A publicação da conversa gerou contestação e mesmo alguns pedidos de um segundo processo de impeachment contra Donald Trump. Bob Bauer, conselheiro de Joe Biden, considera que esta é uma “prova irrefutável” de um Presidente a “pressionar e a ameaçar” alguém do seu próprio partido a rescindir da “legítima contagem de votos, certificada por um Estado” e a “fabricar outro resultado”.

Ainda antes da divulgação da conversa pelo Washington Post, Donald Trump denunciava Raffensperger no Twitter: “Ele não quer responder ou não consegue responder a questões sobre votos debaixo da mesa, destruição de cédulas, eleitores de fora do Estado, eleitores mortos, e muito mais. Ele não faz ideia!”.

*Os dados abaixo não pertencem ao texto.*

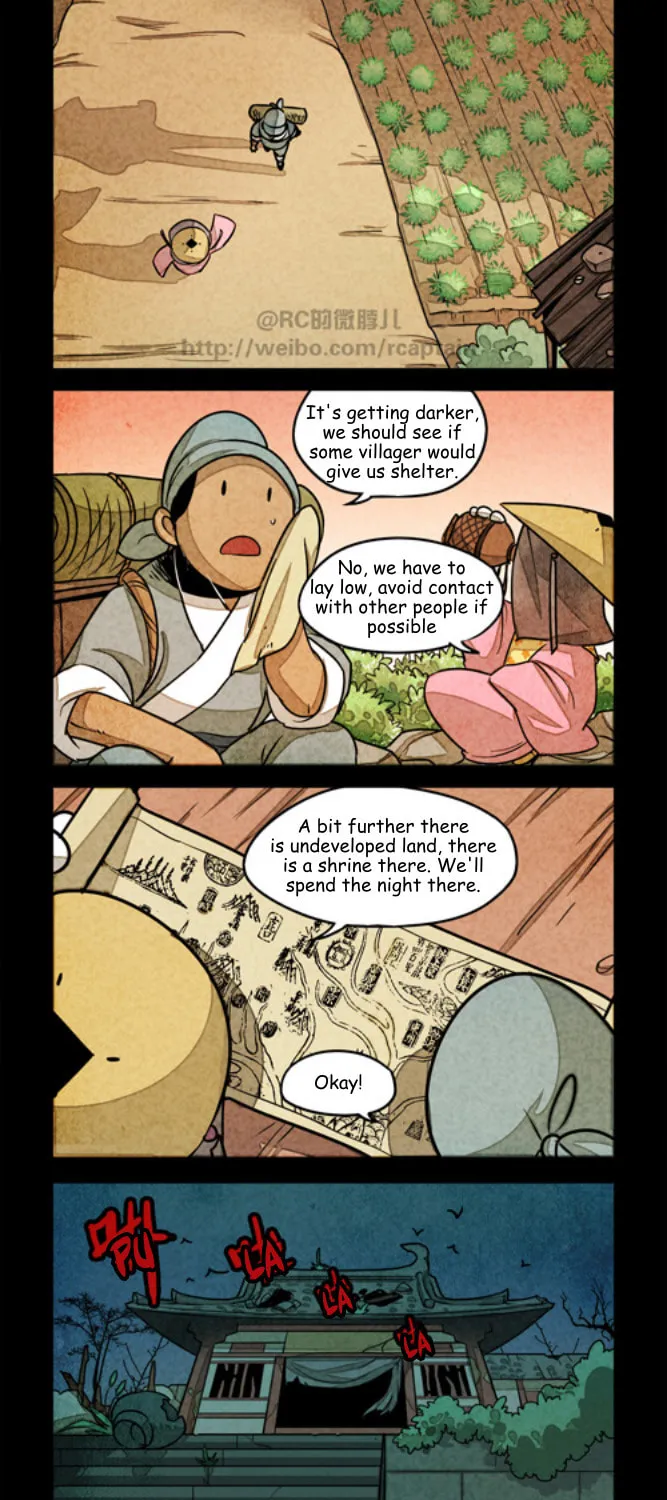 White Cat Legend (Colored) Chapter 73 page 3 -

Como já aconteceu noutras ocasiões, a rede social deixa novamente o alerta anexo à mensagem de Donald Trump: "Esta afirmação sobre fraude eleitoral é controversa".

O responsável estadual respondia, também através do Twitter: “Respeitosamente, Presidente Trump, o que está a dizer não é verdade. A verdade será conhecida”, escreveu.

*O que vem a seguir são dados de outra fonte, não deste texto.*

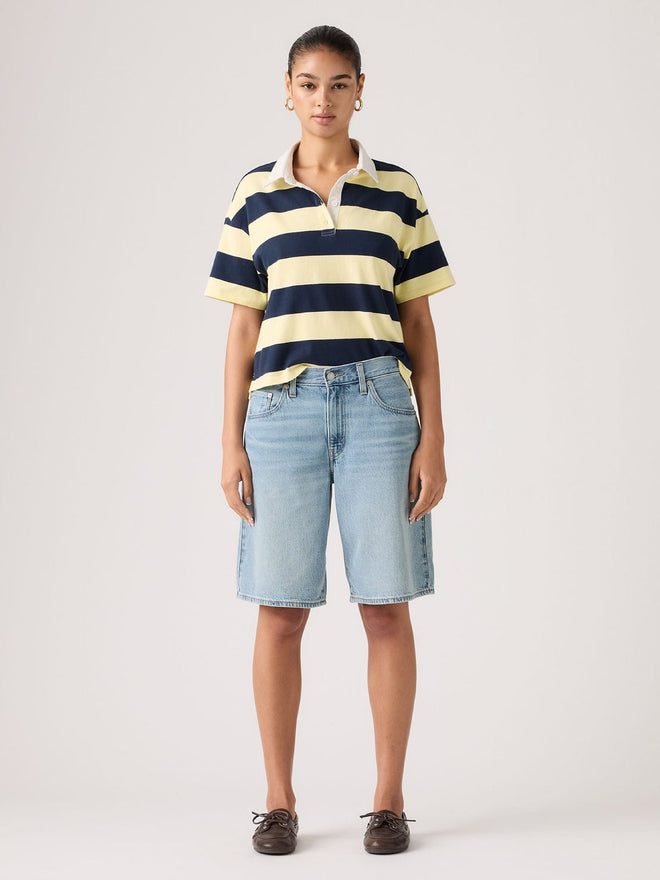 levi's® women's baggy dad jorts 000MJ001724- Medium Indigo  – Levi's Hong Kong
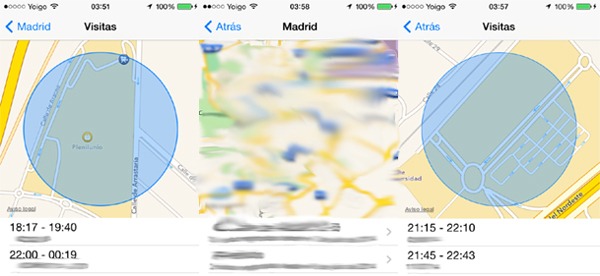 Tu iPhone localiza y registra todos tus lugares frecuentes, descubre cómo desactivarlo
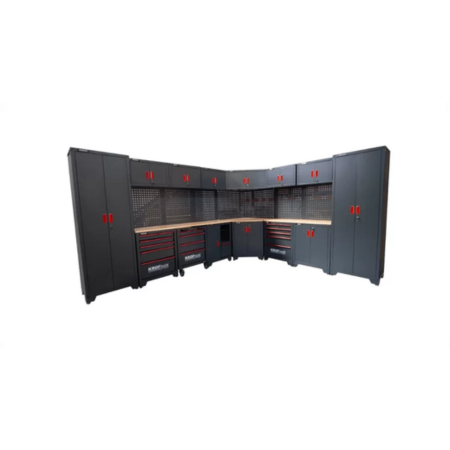 Armário de Ferramentas 2 Portas Kroftools 8806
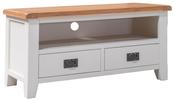 Skellig Oak Rectangular TV Unit image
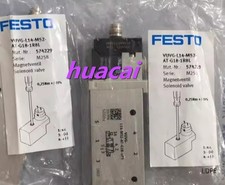 1PC Festo VUVG-L14-M52-AT-G18-1R8L No. 574229 solenoid valve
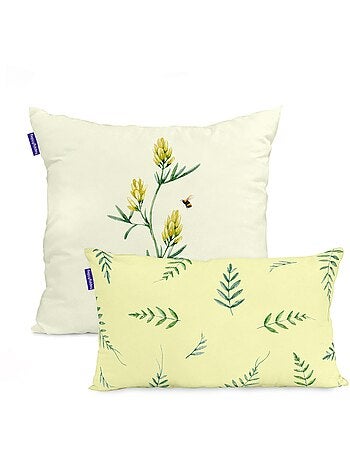 Housse de coussin Manarola "Happyfriday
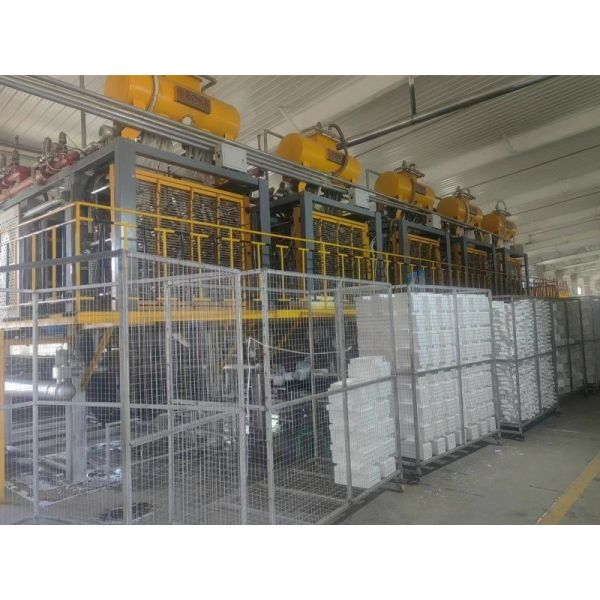 Customization HS-CXJ-1400 EPS Foam Shape Moulding Machine for Home Appliance Packing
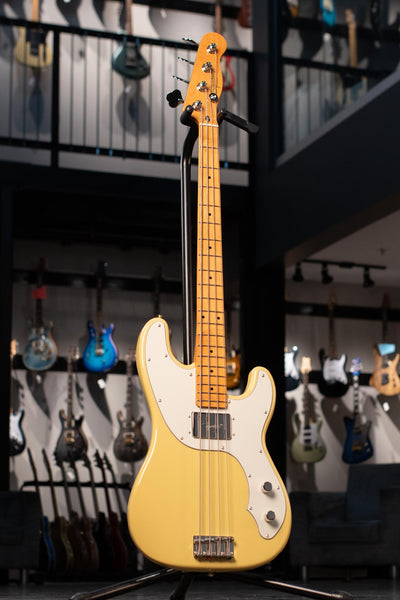 SQUIER CLASSIC VIBE TELECASTER BASS -  VINTAGE WHITE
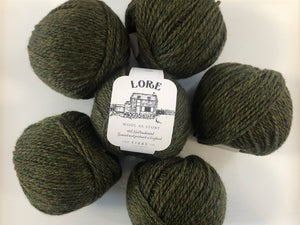 The Fibre Company Lore: Earthy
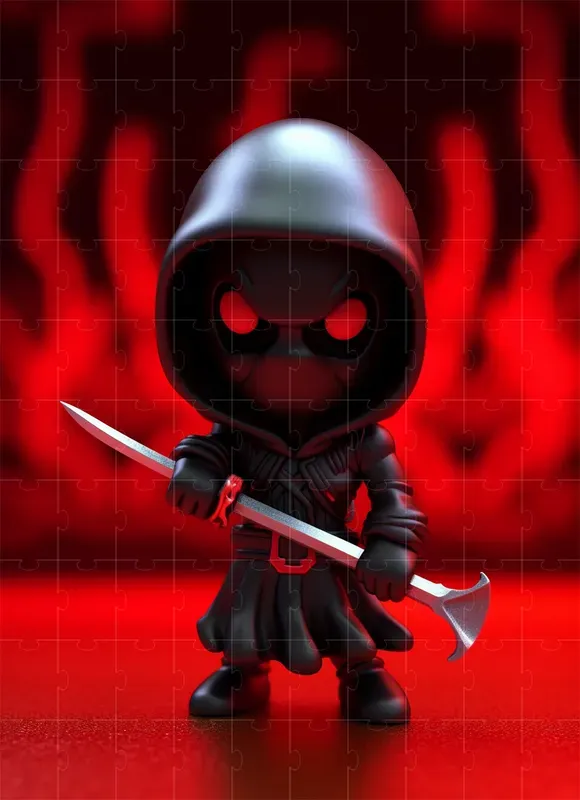 Cute Chibi Figures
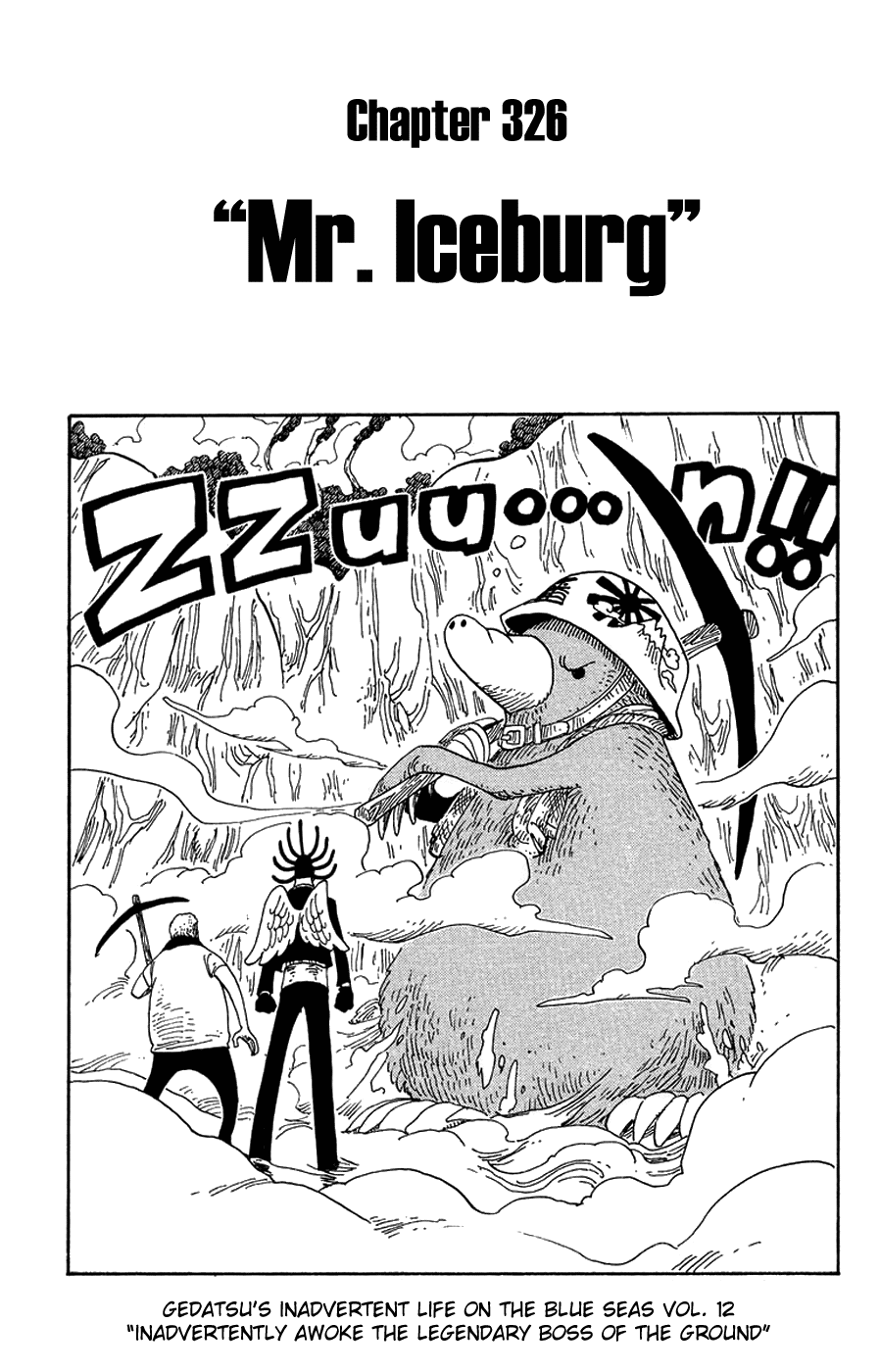One Piece - Chapter 326 - Page 1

Nas eleições presidenciais de novembro, Donald Trump perdeu na Geórgia, naquele que foi o primeiro escrutínio desde 1992 em que um democrata venceu aquele Estado. O resultado já foi certificado em dezembro: “Contámos os votos por três vezes e os resultados permanecem inalterados. Continuar com desmentidos e alegações de uma eleição roubada só prejudica o nosso Estado”, disse na altura o governador Brian Kemp.

Ainda que alguns senadores e representantes na Câmara e no Senado próximos de Trump coloquem objeções ao resultado de novembro, a vitória de Joe Biden no colégio eleitoral após as eleições novembro será ratificada pelo Congresso norte-americano já esta quarta-feira. A tomada de posse do novo Presidente está marcada para 20 de janeiro.

Carl Bernstein, um dos repórteres norte-americanos que revelou, ao lado de Bob Woodward, o escândalo do Watergate nos anos 70, considera que esta situação é ainda mais grave do que a que envolveu na altura Richard Nixon e que desencadeou a renúncia do então Presidente.

“Isto não é um déjà-vu. Isto é algo muito pior do que o que aconteceu no Watergate. Esta gravação mostra o que o Presidente está disposto a fazer para enfraquecer o sistema eleitoral. De uma forma ilegal, inapropriada e imoral, Trump está a tentar incitar um golpe para continuar como Presidente dos Estados Unidos”, afirma Carl Bernstein.

Num tweet, Adam Schiff, uma das principais figuras no julgamento de impeachment de Donald Trump em 2019-2020, considerou que este é mais um momento em que "o desprezo de Trump pela democracia fica exposto".



"Pressionar um responsável eleitoral para 'encontrar' votos de forma a que possa vencer é uma ação potencialmente criminosa e outro flagrante abuso de poder por parte de um homem corrupto, que seria um déspota se o permitissemos. Não vamos permitir", acrescentou.